Firm expects big boost from its regeneration arm as tightening margins and £15m writedown drag down profit

The Curve, Slough

Morgan Sindall has insisted it is on track to return to growth and greater profitability, after tightening margins and a £15m writedown due to problem jobs more than halved its profit last year.

In its results for the year to 31 December 2013, published this week, Morgan Sindall’s group profit fell dramatically, with pre-tax profit down 59% to £13.9m, and operating profit down 54% to £16.2m.

The fall in profit was due to tightening margins across the group and a £14.7m provision made for costs related to four problem jobs, which sent the firm’s construction business into the red (see box below).

But even stripping out the £14.7m in exceptional items along with £5.2m in other finance costs, the group’s profit still took a sharp dip, with adjusted pre-tax profit down 34% to £31.3m.

However, revenue across the group remained stable, up 2% on last year to £2.1bn.

Speaking to Building, Morgan Sindall chief executive John Morgan said 2013 had been a “difficult year”, with competitive pressures impacting on margins.

In the construction business, the operating margin, adjusted to take into account the £14.7m provision, contracted from 1.7% last year to 1%, with its adjusted operating profit down 36% to £12.7m. The margin also contracted in the affordable housing business, down from 3% last year to 2.3%, with operating profit down 25% to £8.6m.

Only in the fit-out business did the margin hold up, remaining stable at 2.6% (see box).

Morgan said he expected improvement in the firm’s margins this year, though cautioned that cost inflation would impact on profitability going forward.

He said: “There are signs of life in the construction market, including outside of London, but the supply chain is putting its prices up.

“We would hope for an improvement, rather than a huge jump in margins.

“Tender prices are rising significantly, so that is the light at the end of the tunnel - and that is enough to offset the rise in prices on the current jobs - but the difficulty is on the jobs you won a year or so ago if they’re not completely subcontracted out.”

However, Morgan said the firm was on track to “reap the rewards” for its “hard work” during the economic downturn, with a boost expected from its regeneration business, where Morgan Sindall has a development pipeline of large-scale projects worth £3bn, including a £1bn regeneration project in Slough, called The Curve (pictured).

He said: “In the last five years we’ve spent a lot of money on regeneration, which would’ve depressed our profits, but we now have something really serious going forward.”

The regeneration business posted an operating loss of £1m last year, but Steve Crummett, Morgan Sindall finance director, said the firm now expected significantly increased profit from the business as the long-term regeneration schemes began to be built out.

“You can see a clear path over the next five years in the regeneration business.
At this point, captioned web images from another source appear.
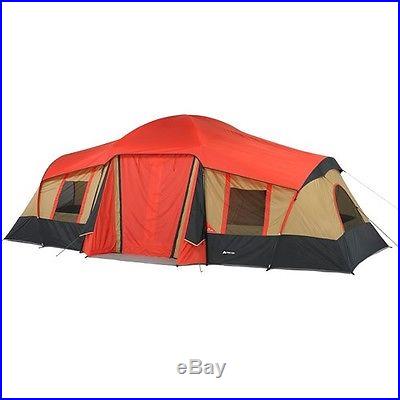 Large Family Camping Tents 10 Person 3 Room Cabin Hiking Ozark Trail Tent New
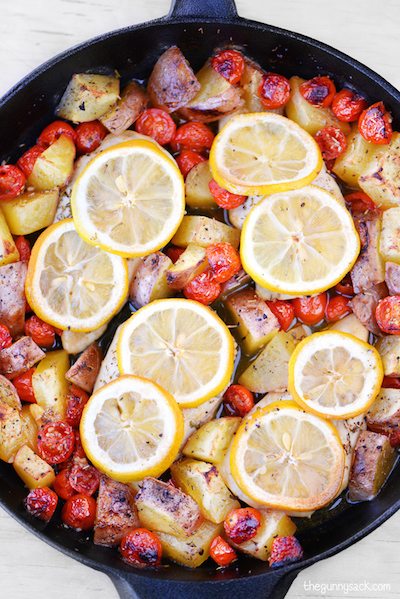 Oven Roasted Lemon Garlic Chicken - Easy Meal Plan #10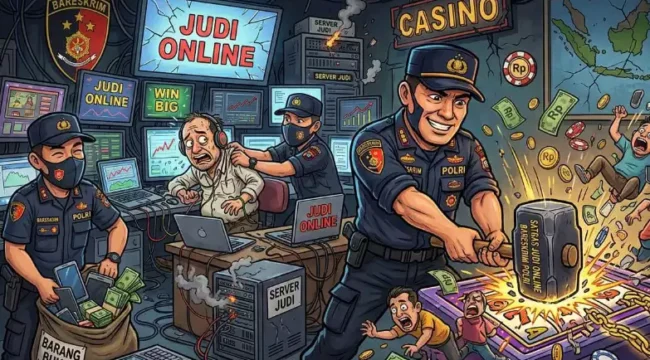 Ilustrasi Pengungkapan Kasus Judol. (Dok: Istimewa)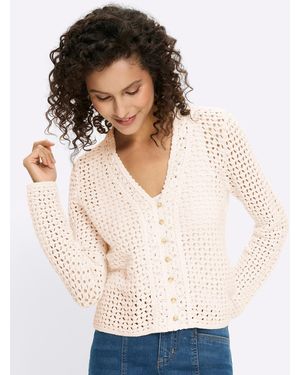 heine Strickjacke - Weiß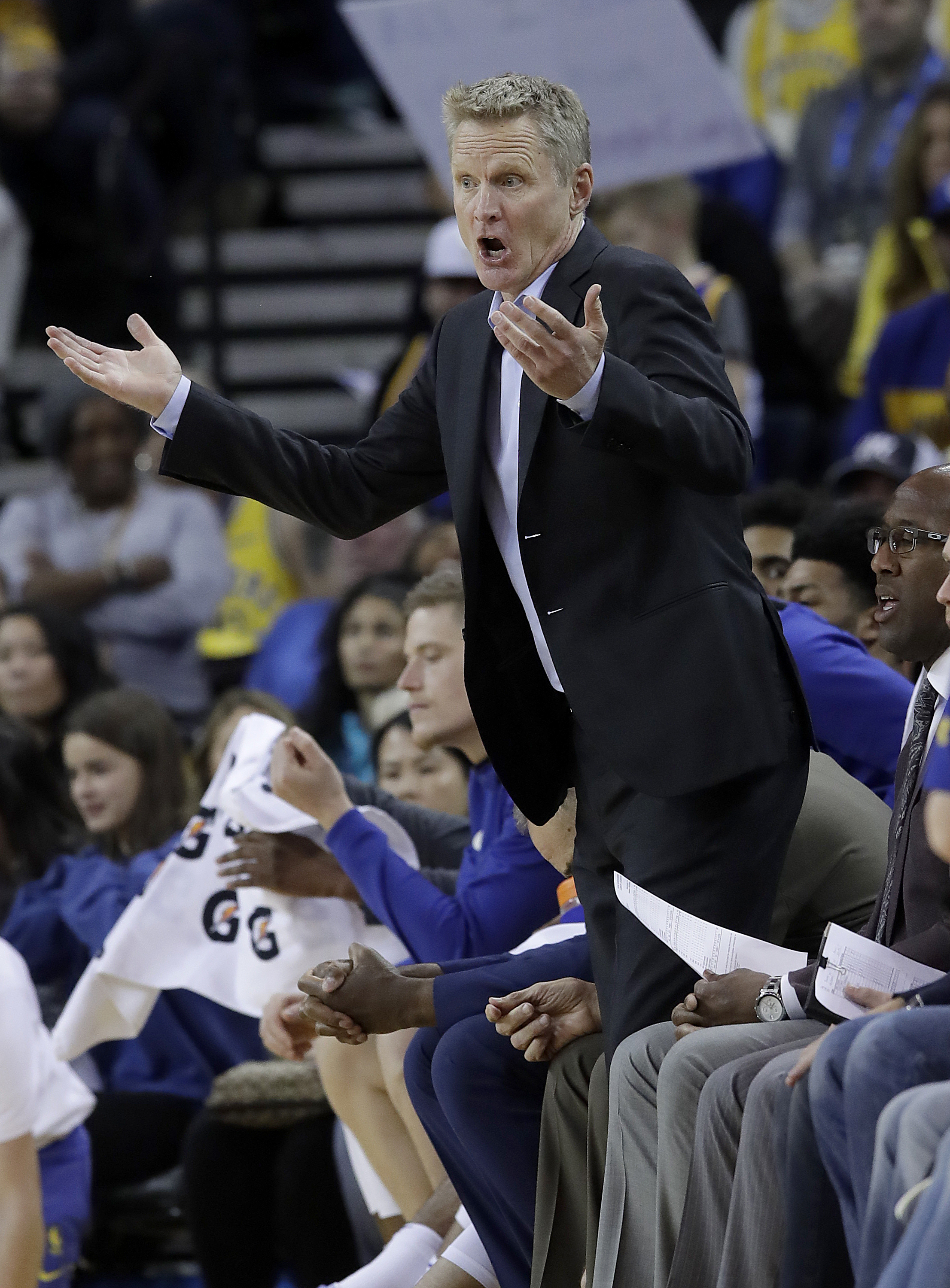 Kerr acknowledges cursing out of frustration with Green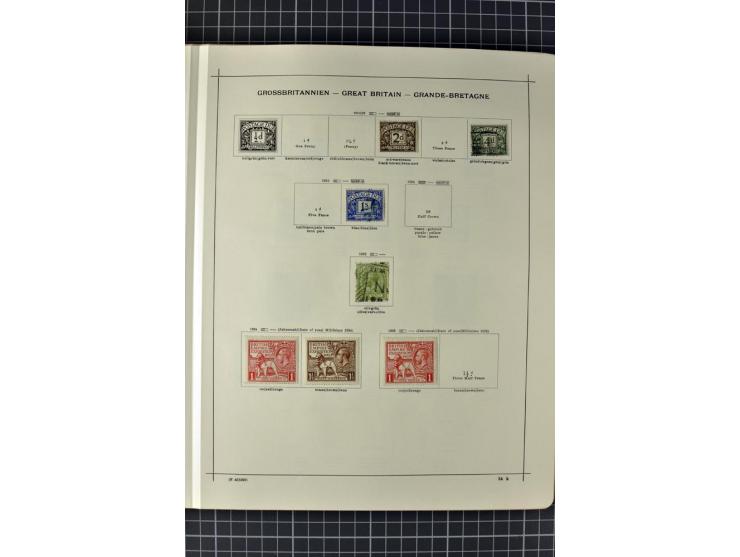 1840/1927, ungebrauchte und gestempelte Sammlung mit guten Werten und Sätzen in 2 Schaubeck-Alben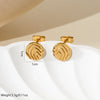 1 Pair Vacation Starfish Shell Polishing 304 Stainless Steel 14K Gold Plated Drop Earrings Ear Studs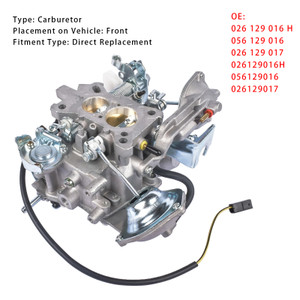 VW Santana Jetta Carburetor 026129016H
We’re on the cusp of reaping the benefits of all the good work that has gone in over the last five years.”

 


Morgan Sindall 2013 results

Group
Revenue: £2.1bn (+2%)
Pre-tax profit: £13.9m (-59%)
Order book: £2.4bn (+8%)

Construction and infrastructure
Revenue: £1.2bn (+6%)
Operating profit: -£2m
Adjusted operating profit*: £12.7m
Margin: 1% (2012: 1.7%)
* after £14.7m in exceptional items

Fit-out
Revenue: £427m (-2%)
Operating profit: £10.9m (-4%)
Margin: 2.6% (2012: 2.6%)

Affordable housing
Revenue: £381m (-1%)
Operating profit: £8.6m (-25%)
Margin: 2.3% (2012: 3%)

 


Problem jobs are ‘very old’

The problem jobs that forced Morgan Sindall to write off nearly £15m in its latest results are linked to the firm’s acquisition of Amec’s construction business, Building understands.

In its full-year results published this week Morgan Sindall said it had made a £14.7m provision for costs related to four problem contracts, which saw the firm’s construction business post a £2m operating loss for the year.

Morgan Sindall said the jobs were “historic” with issues relating to two of the jobs now resolved, but the remaining two were still outstanding.

Speaking to Building this week, Morgan Sindall chief executive John Morgan said the jobs were “very old” but declined to comment further.

However, it is understood that the jobs are contracts inherited by Morgan Sindall when it made the acquisition of Amec’s construction business in 2007.

Morgan Sindall bought Amec’s construction business and development arm for £26m in 2007.

In its 2008 accounts Morgan Sindall wrote down the value of the acquisition by £60.5m to account for liabilities attached to the Amec construction business.

This week, Morgan said he had no regrets about the Amec acquisition, saying it had doubled the size of the Morgan Sindall business and made the firm a real player in the regeneration sector, which is now a key part of Morgan Sindall’s strategy.

He said: “We didn’t have to go to the market for any more money, so it didn’t dilute existing shareholders interests. It’s not been completely plain sailing but no acquisition is, and we’re now in a different space.”